Читает мне: «История — это злобная старуха, которая рассматривает прошлое без всяких прикрас. Она так же беспощадно будет рассматривать и наше сегодняшнее время. Будет судить нас, и мы сами себя осудим. И только за годы войны нас никто не сможет упрекнуть, потому что наша совесть чиста…»

Провожаю его, закрываю калитку на задвижку: в смутное время живем.

Зоя Богуславская выкликает нас на прогулку, это означает, что у нее есть какие-то новости, видимо, плохие, во всяком случае, не для телефонного разговора. Рассказывает: в Доме литераторов был вечер поэта Ивана Лысцова. Его реплику «Надо изгнать евреев из поэзии» зал встретил одобрительными криками. Записки были такого рода, что председательствующий Владимир Цыбин отказался их зачитывать и на них отвечать. «Как вам это нравится?» — говорит Зоя. Нам не нравится.

Юля Хрущева приносит две пленки с записью собрания «Памяти» от 1 июля 85-го года. Бред, истерика, но заводит зал. Ораторствует Васильев: «…асфальт по Далю — жидовская смесь. Даже крысы не живут выше пятого этажа». Не понимаю: что имеется в виду? То, что у евреев квартиры только на верхних этажах? Но Костюковские, например, живут в кооперативном доме у метро «Аэропорт» на втором этаже… Сравнение с крысами всем по душе — аплодисменты.

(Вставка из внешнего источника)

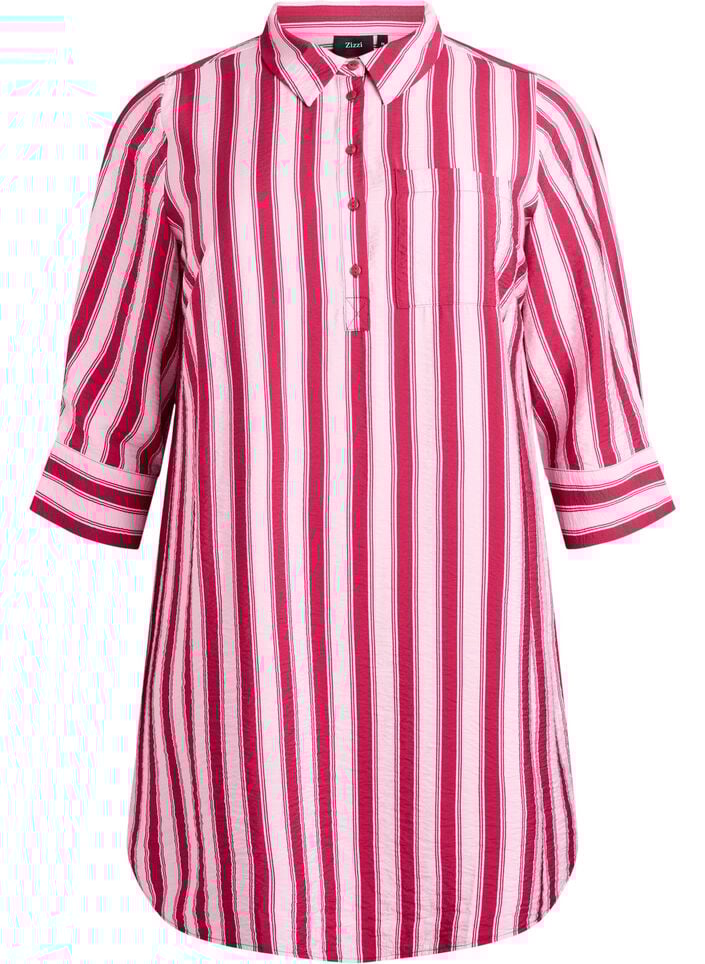 Short dress with collar and chest pocket, Pink, Packshot image number 0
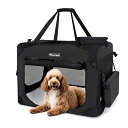 Totoroballソフトクレート大型犬大空間な犬用クレート折りたたみペットケージ5面メッシュ折りたたみ簡単省スペース頑丈耐久洗濯可能ロック付きクレート中大型犬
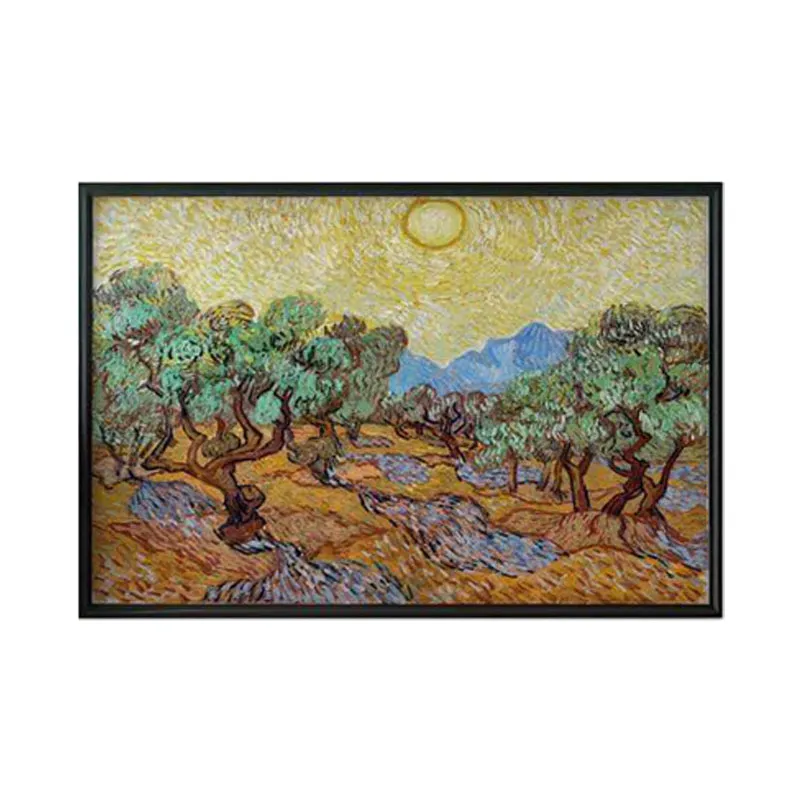 Olive Trees With Yellow Sky & Sun By Vincent Van Gogh - Black Frame media 6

У Межирова другая пленка. Емельянов вопит на Пушкинской площади: «Всех женщин надо убивать: у них менструальный цикл по жидовскому календарю». Он, очевидно, сумасшедший.

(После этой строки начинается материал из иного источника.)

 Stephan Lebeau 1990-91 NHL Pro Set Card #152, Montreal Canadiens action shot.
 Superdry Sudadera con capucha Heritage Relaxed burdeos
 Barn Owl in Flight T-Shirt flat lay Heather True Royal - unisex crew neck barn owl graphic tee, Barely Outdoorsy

Слушаем «Голос Америки», видимо, и «за бугор», как у нас любят говорить, попали те пленки: «„Память“ — фашистская организация, они выступают и против ЦК…»

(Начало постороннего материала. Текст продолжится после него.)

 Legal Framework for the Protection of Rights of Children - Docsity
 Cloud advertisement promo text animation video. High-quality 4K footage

«Московские новости» публикуют письмо итальянской учительницы. Была в Ленинграде на нескольких митингах «Памяти». В ее словах ужас: «Фашисты в стране, победившей фашизм».

И разговоры по телефону о том же… Застревают они в голове. И я поддаюсь панике…

Собираемся с Толей на кладбище в Востряково. Уже четвертый час. Торопимся. Выхожу во двор, открываю ворота, в руках ключи от машины — хочу ее прогреть. И тут же в ворота входят два парня, направляются ко мне. Сразу мысль: «Память». Стою как вкопанная, ноги не двигаются. Подходят. «Кто такие?» — спрашиваю сердито. «Мы — историки, — говорят, — хотели поговорить с Анатолием Наумовичем». — «Почему пришли без звонка?» — «Да мы не знаем вашего номера…» Смотрю на них: хорошие вроде лица, скорее всего, не врут. Толя слышит незнакомые голоса, выходит к нам. «К тебе», — говорю, закрываю ворота и иду с ними на террасу.

Называют себя: Дима Юрасов и Костя Харламов. У них к Рыбакову дело: предлагают принять участие в организации общества «Мемориал».

Рассказом об этих ребятах Рыбаков начал свою речь на конференции по созданию оргкомитета «Мемориала»: «Я их выслушал и спросил: „А кто у вас репрессирован?“ Оказалось, у них не репрессирован из близких никто. И в этот момент я понял, что они пришли ко мне не в силу расплаты, мести, а в силу высшего человеческого чувства — чувства поиска справедливости. И та селекция, которая производилась Сталиным в нашем обществе, уничтожавшая все нравственное, все чистое, все благородное, не удалась. Я понял, что дело, за которое мы все боремся, победит».

Долго сидят, Толя их не торопит, интересны ему эти ребята. Юрасов рассказывает: интересоваться невинно погибшими начал в тринадцать лет. В его картотеке — 80 000 расстрелянных и посмертно реабилитированных. Устроился работать в закрытый архив. Оставался вечерами, составляя свои списки, пока его не поймали за руку и не уволили «за разглашение служебных материалов».